And indeed, we note the equation matches the one in our txt file.
* "the great Sage of Crypto" - naturally, we turn to SageMath [](https://sagecell.sagemath.org/)

**Quick overview of ECC**
1. **Key Generation**: Maneo (Reciever) chooses a suitable curve E(a,b), as well as a generator G. They also select an ideally "large, random private key" d for the encryption to be secure. The public key P is calculated with P = d * G --- (eq 1)
2. **Encryption**:
* Maneo sends E(a, b), m, G, P to sender.
* Sender chooses a random number k in (0, m-1), and calculates point (x1, y1) = k * G --- (eq 2) and (x2, y2) = k * P.

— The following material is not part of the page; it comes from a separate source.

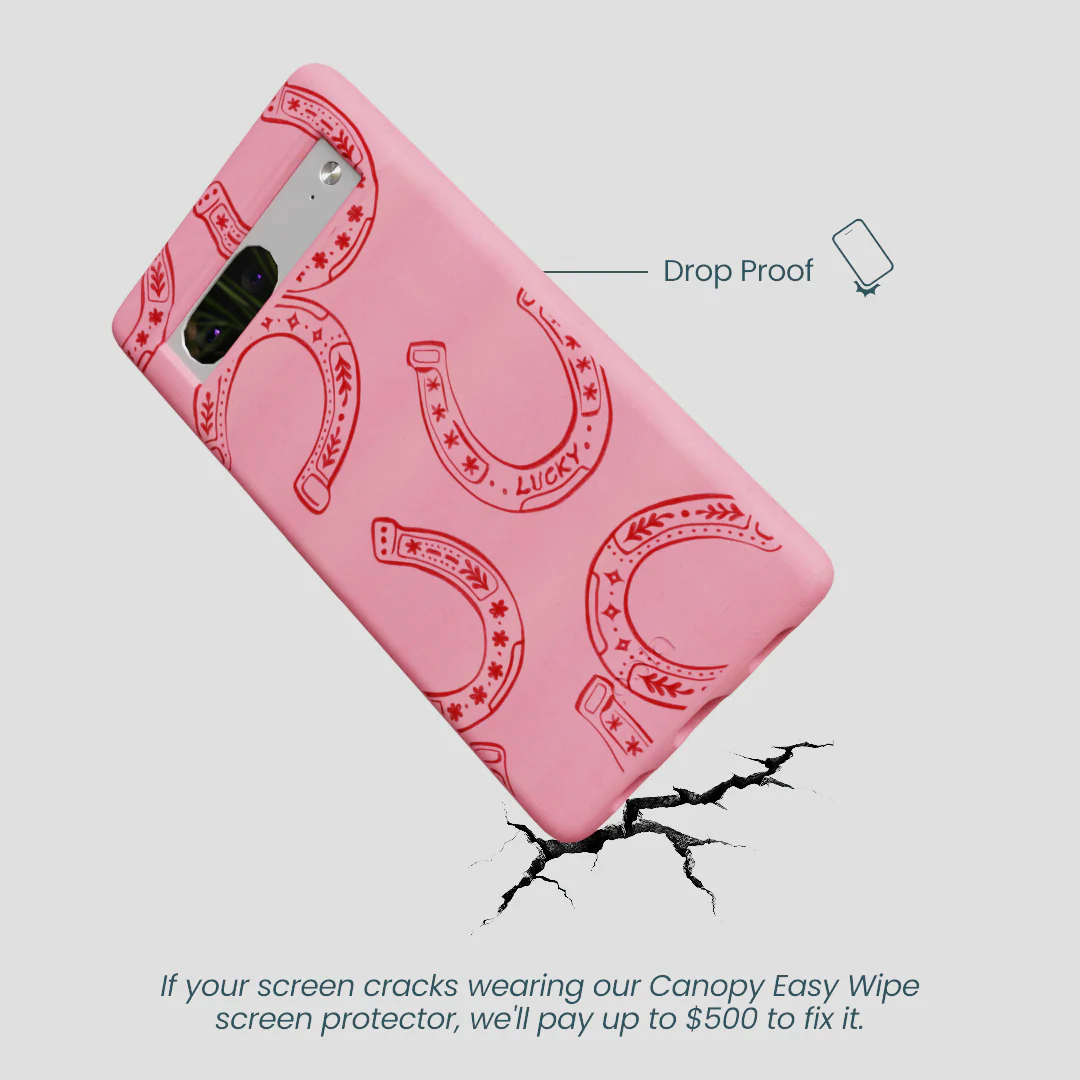 Bubblegum Pink Lucky Horseshoe Google Pixel 7 Case - Image 5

* _Note: If (x2, y2) happen to be the [point at infinity](https://en.wikipedia.org/wiki/Point_at_infinity), sender chooses another k and recalculates._
* Ciphertext C = (x3, y3) + (x2, y2) --- (eq 3) where (x3, y3) is the **message** (that we are trying to steal for the challenge)
* Finally, sender sends Maneo C and (x1, y1)
3. **Decryption**: Maneo/Reciever calculates (x2, y2) = k * P = k * d * G = d * (x1, y1) --- (eq 4).
Then (x3, y3) = C - (x2, y2)

For a deeper dive and better understanding, I found this pretty informative: https://cryptobook.nakov.com/asymmetric-key-ciphers/elliptic-curve-cryptography-ecc 

### Solving
Now, given that we appear to be missing the private key d, we need to solve the Elliptic Curve Discrete Logarithm Problem (ECDLP) with d such that (eq 1) is satisfied. The challenge also tells us this key is unlikely to be "large" --> implying it must be small! (and thankfully, **Sage's discrete_log** function did work in our favour for this case).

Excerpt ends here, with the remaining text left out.